- Data records -
:::
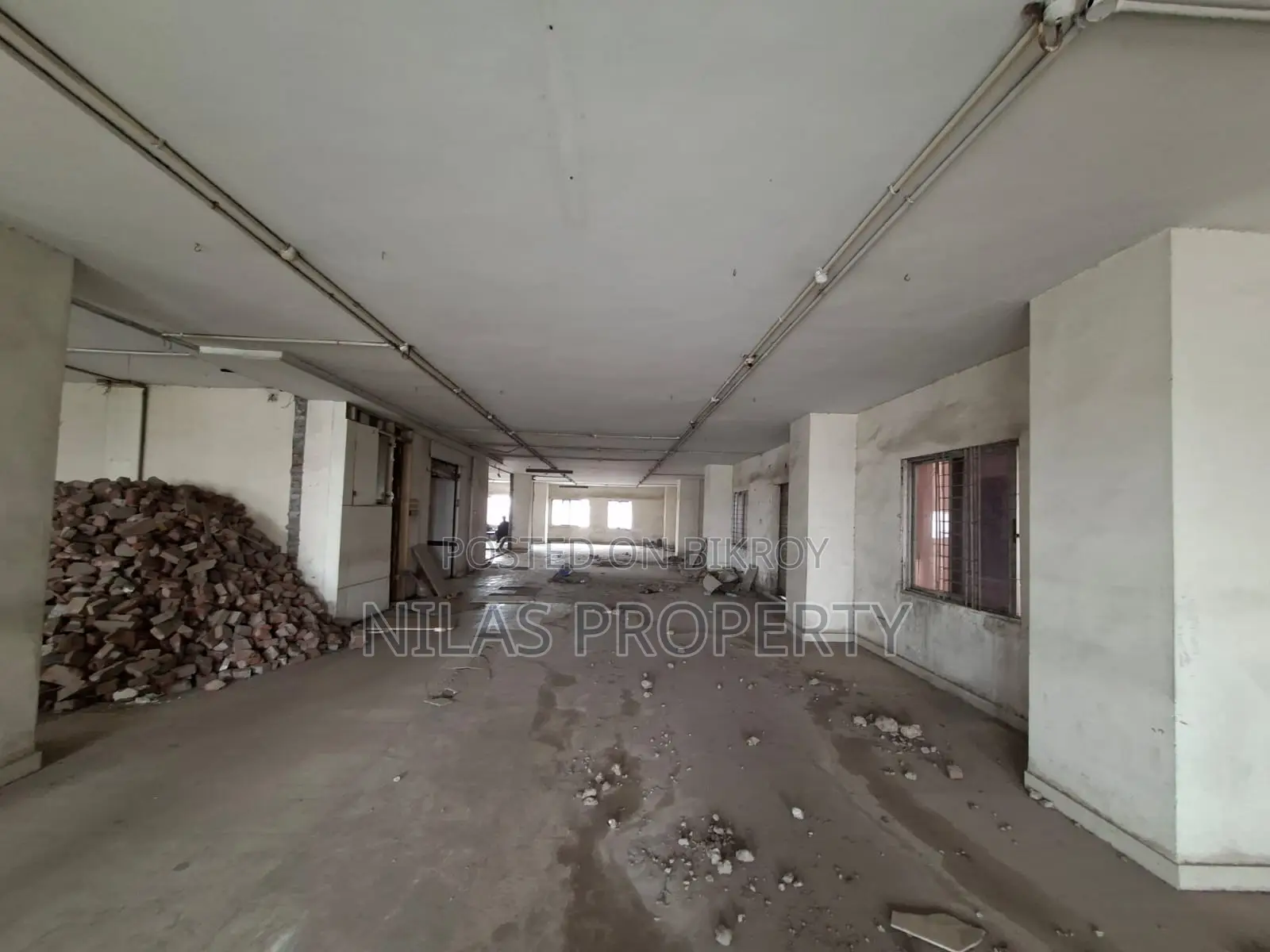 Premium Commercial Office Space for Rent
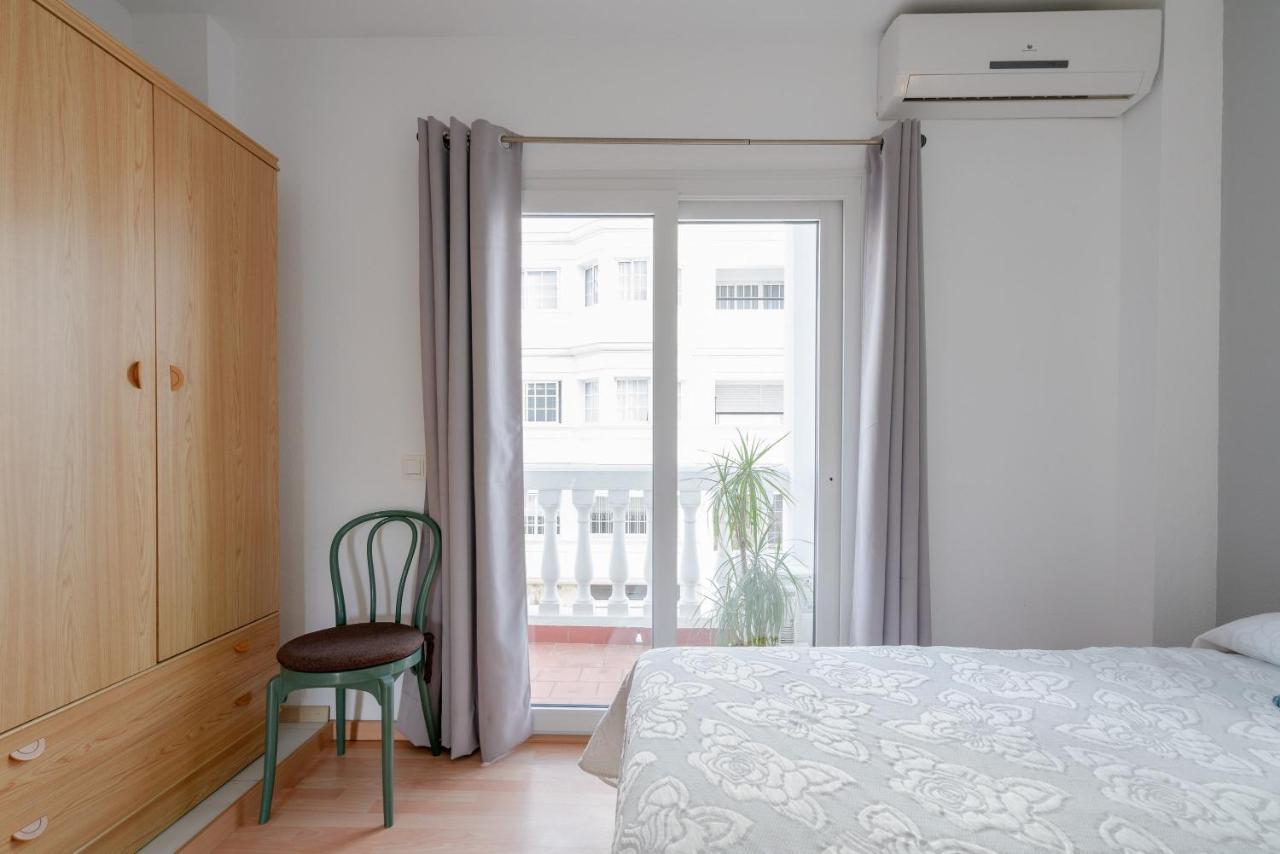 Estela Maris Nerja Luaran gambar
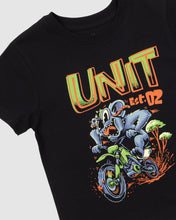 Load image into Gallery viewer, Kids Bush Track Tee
:::
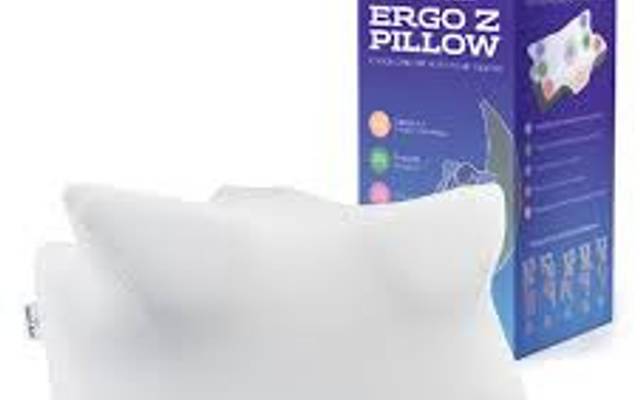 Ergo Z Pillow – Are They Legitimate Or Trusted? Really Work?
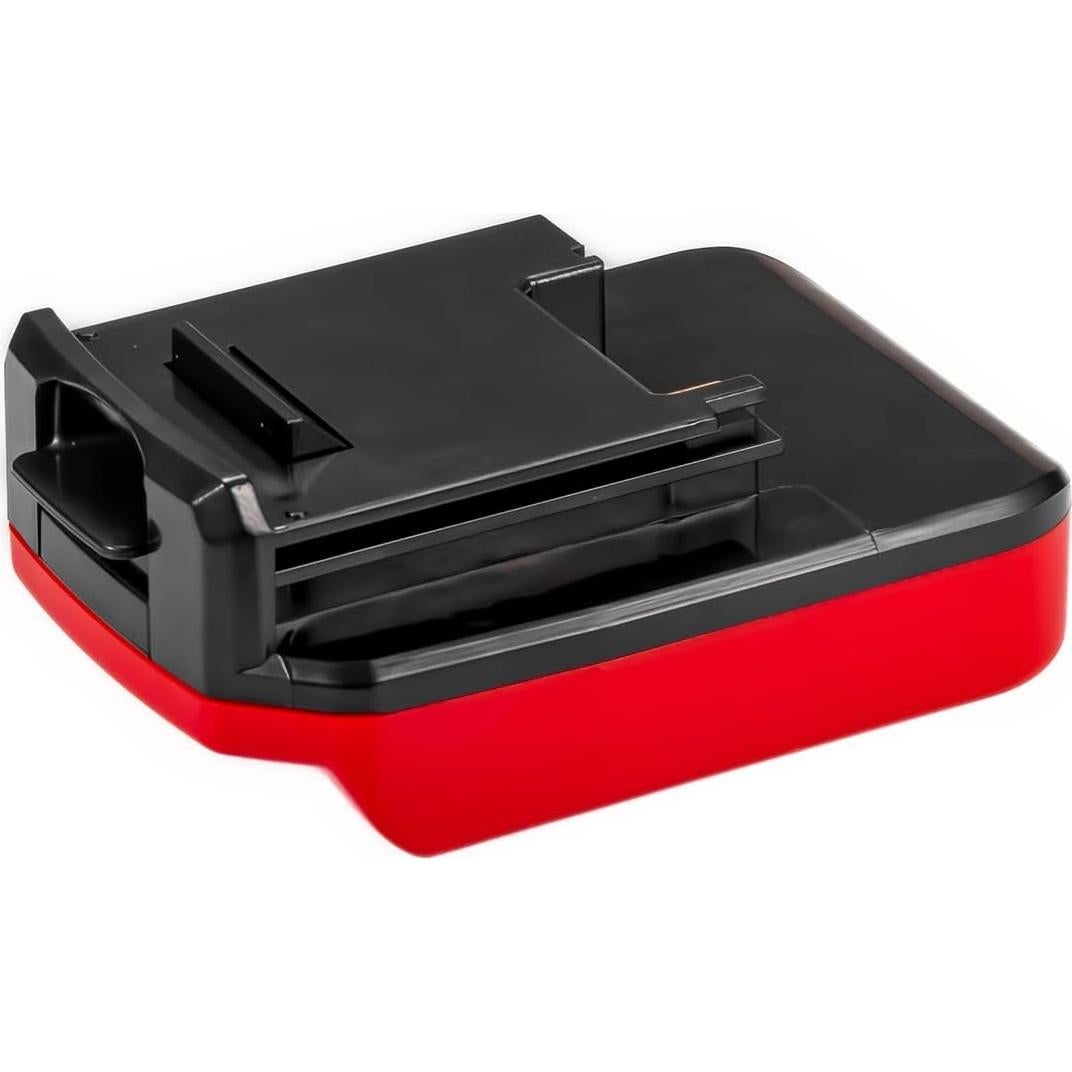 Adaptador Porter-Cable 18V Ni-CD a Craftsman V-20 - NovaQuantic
:::
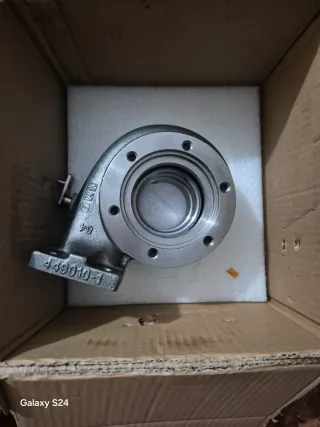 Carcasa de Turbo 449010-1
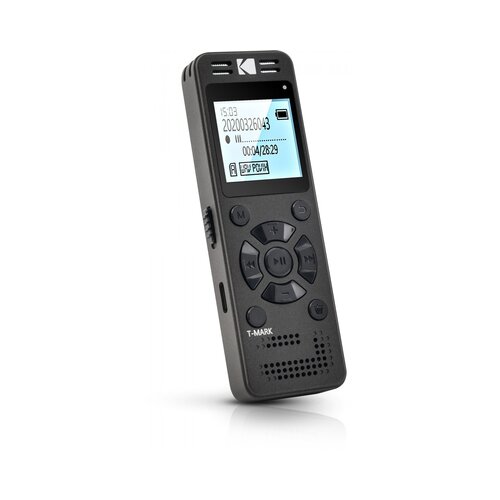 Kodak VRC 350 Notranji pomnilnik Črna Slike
:::
In the listing above, find the line containing "Estela Maris Nerja Luaran gambar" and the line containing "Load image into", then write out both of them and every line between, exactly, with no pictures.

 Estela Maris Nerja Luaran gambar
 Load image into Gallery viewer, Kids Bush Track Tee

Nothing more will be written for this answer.